Kudu

View Current Viewing Revision #4 from 12/12/2018 10 p.m.

Apache Kudu is an open source storage engine for structured data that is part of the Apache Hadoop ecosystem. The primary intention of Kudu is to allow applications to perform fast big data analytics on rapidly changing data. It was designed for fast performance for OLAP queries. Built for distributed workloads, Apache Kudu allows for various partitioning of data across multiple servers. Also, being a part of the Hadoop ecosystem, Kudu is supports the use of Apache data processing frameworks like Spark, Impala or MapReduce on its tables.

History

Prior to Kudu, most data storage engines were able to store one type of structured data, static or mutable. Storage engines for static data were unable to make changes to individual records while storage engines for mutable data had a low throughput for sequential reads. Because of this developers typically used two different storage engines for first mutating their data and then performing analytics. Apache Kudu was designed to support both data formats and provide both high throughput sequential-access and random-access queries. Kudu was developed as internal project at Cloudera and become open to the public in September 2016.

Query Execution

Vectorized Model Materialized Model

Kudu executes both reads and writes on batches of rows which are actually columnar in-memory (as they are on disk). If there are predicates in the query, lazy materialization is used.

Storage Architecture

Disk-oriented

Although, an experimental version of Kudu does rely on persistent memory in a blocked cache, Kudu is primarily disk-oriented.

Logging

Logical Logging

Kudu employs a logical log of operations (insert/update/delete).
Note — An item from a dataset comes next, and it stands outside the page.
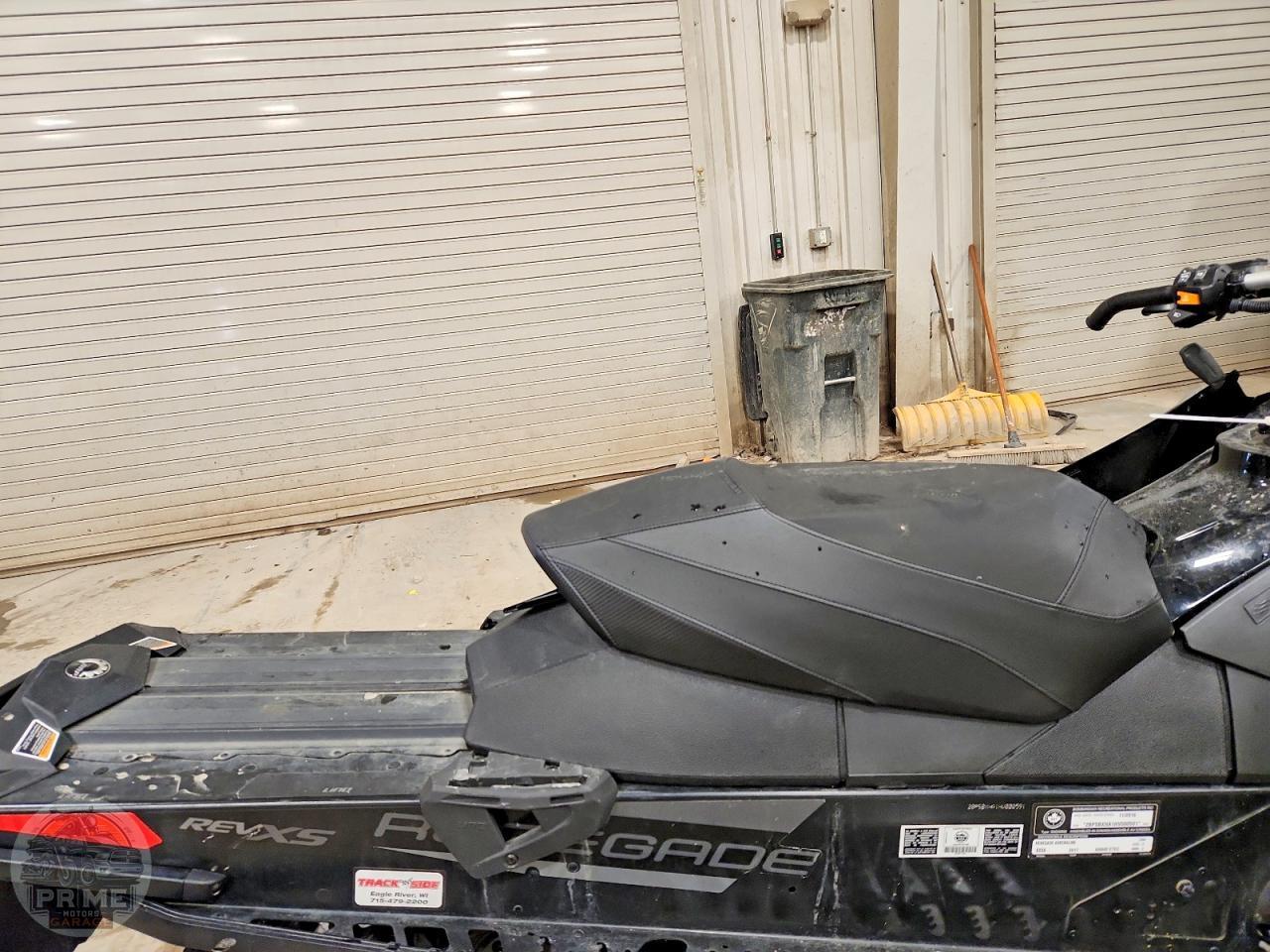2017 SKI-DOO RENEGADE — фото 6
The operation logs are replicated for each tablet (partitions of the database). An operation log for each tablet is stored separately from the physical data. Operation logs are not able to be replayed or shipped. For single row operations (on a single tablet) Kudu is ACID. However for multi-row operations (on a single tablet), the Atomic property is not fully preserved since a single failed write will not rollback the entire operation, so per-row errors are possible. Multi-tablet operation are currently no possible with Kudu.

Data Model

Relational

Kudu is a relational database. Unlike traditional relation databases, Kudu also utilizes partitioning data into tablets that are stored on individual servers. All rows within a tablet are ordered by a primary key.

Foreign Keys

Not Supported

As of now, Kudu does not support foreign keys.

Concurrency Control

Multi-version Concurrency Control (MVCC)

Kudu employs MVCC. Kudu uses an optimistic concurrency model in which readers don't block writers and writes don't block readers. As a result less lock acquisitions are needed during large table scans.

Query Interface

Custom API

Kudu has No-SQL client APIs for C++, Java and Python. Kudu can also be used with SQL-based query processing interfaces like Hadoop's Impact, MapReduce and Spark.

Checkpoints

Not Supported

Indexes

Not Supported

Currently Kudu does not support any additional indexes (aside from the primary index). As an alternative Kudu provides the capability to partition hash or range partition the data for quicker access.

System Architecture

Shared-Nothing

Kudu is designed for distributed work tasks as a result the system architecture is a shared-nothing master-slave architecture. The database is horizontally partitioned (so each row is in the same partition) into tablets. Each tablet is replicated (typically 3 or 5 times) and each of these instance is stored on its own tablet server. Each tablet server has multiple unique tablets. For each tablet, one of the servers at which the tablet is stored is the leader and the rest of the servers are the followers. Leaders are elected using Raft consensus. Reads for a specific tablet can be done from any one of the tablet servers that store that tablet. Writes are only sent to the leader tablet server and whether the operation is accepted or not is determined by Raft consensus.

Storage Model

Decomposition Storage Model (Columnar)

Because Kudu is designed primarily for OLAP queries a Decomposition Storage Model is used. Kudu's columnar data storage model allows it to avoid unnecessarily reading entire rows for analytical queries. The strong-type (immutable type) requirement for the columns also allow for compression of a single data type.

Compression

Dictionary Encoding Run-Length Encoding Bit Packing / Mostly Encoding Prefix Compression

Each column in a Kudu table can be encoded in certain ways based on the type of that column. By default, bit packing is used for various int, double and float column types, run-length encoding is used for bool column types and dictionary-encoding for string or binary column types. By default Kudu doesn't compress columns but it supports per-column compression using LZ4, Snappy or zlib compression codecs.

Joins

Not Supported

Joins just with Kudu are not supported. However when used with a query engine like Impala, Kudu tables can be joined with other tables stored in the Hadoop storage system.

Isolation Levels

Read Committed Snapshot Isolation Repeatable Read

Kudu allows for the user to set two different read operation modes through the Kudu API clients. By default, Kudu uses the 'Read Committed' isolation level. For the 'Snapshot Isolation' level the timestamp can either be set explicitly by the user or assigned by a server. The 'Snapshot Isolation' read level allows for consistent and repeatable reads.

Revision #4 | Updated 12/12/2018 10 p.m.